= Action item =
Transcribe, exactly and without pictures, the lines below from the line with "Funny Julafton Lighting" to the line with "Product shot of", both ends included, and no others.

[Opening Data supplied section]

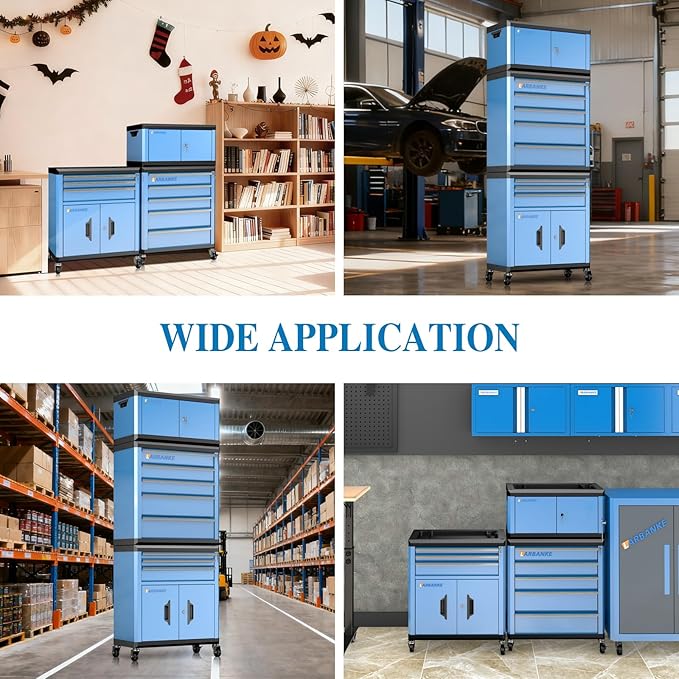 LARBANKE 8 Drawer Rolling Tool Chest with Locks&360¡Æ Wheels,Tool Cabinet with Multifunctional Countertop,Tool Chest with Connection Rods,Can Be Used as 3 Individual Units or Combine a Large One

[Closing Data supplied section]
[Opening Data supplied section]

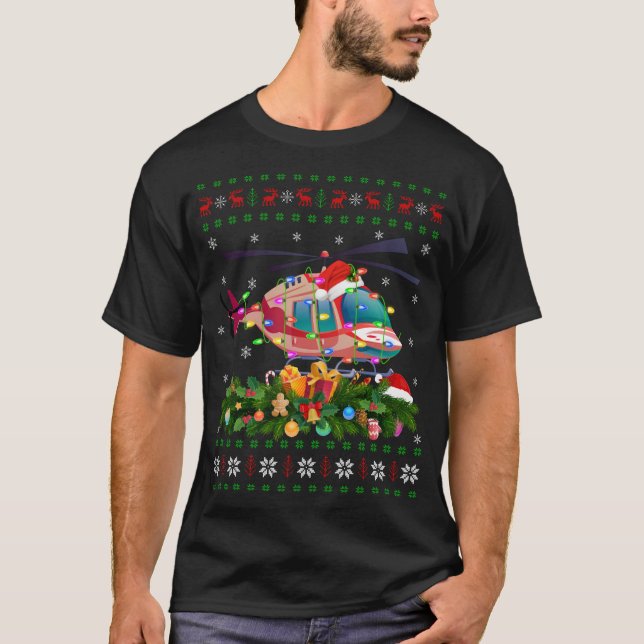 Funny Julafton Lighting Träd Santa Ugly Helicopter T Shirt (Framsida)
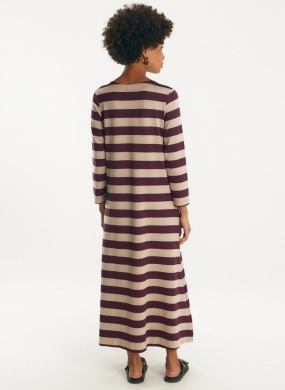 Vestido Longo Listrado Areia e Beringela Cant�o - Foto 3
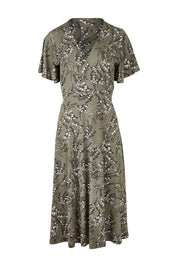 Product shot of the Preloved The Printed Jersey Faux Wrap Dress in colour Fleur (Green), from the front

[Closing Data supplied section]
[Opening Data supplied section]

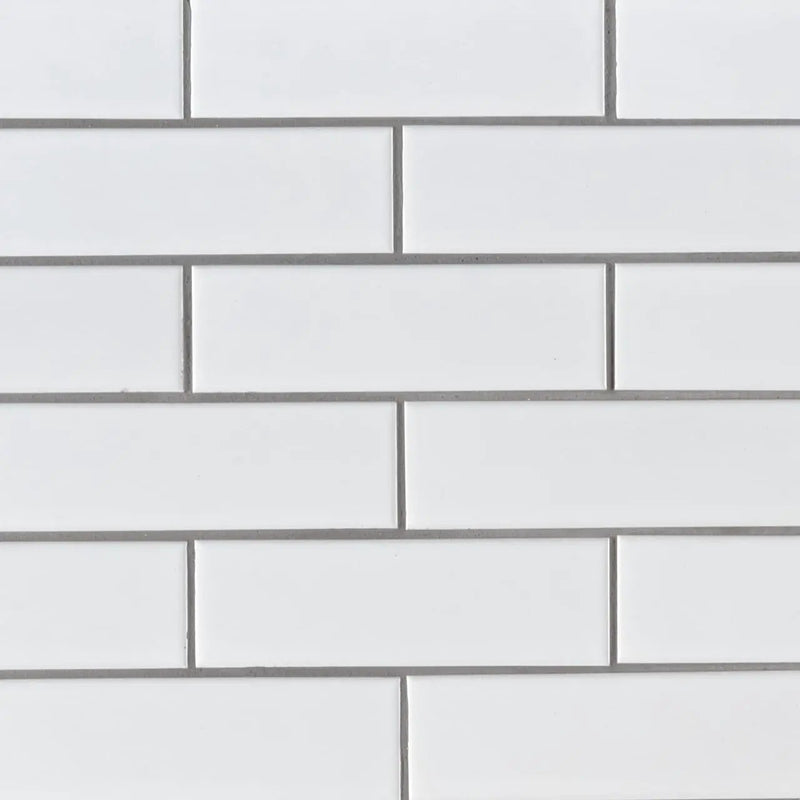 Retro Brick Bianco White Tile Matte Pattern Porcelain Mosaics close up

[Closing Data supplied section]

= Exercise output =
 Funny Julafton Lighting Träd Santa Ugly Helicopter T Shirt (Framsida)
 Vestido Longo Listrado Areia e Beringela Cant�o - Foto 3
 Product shot of the Preloved The Printed Jersey Faux Wrap Dress in colour Fleur (Green), from the front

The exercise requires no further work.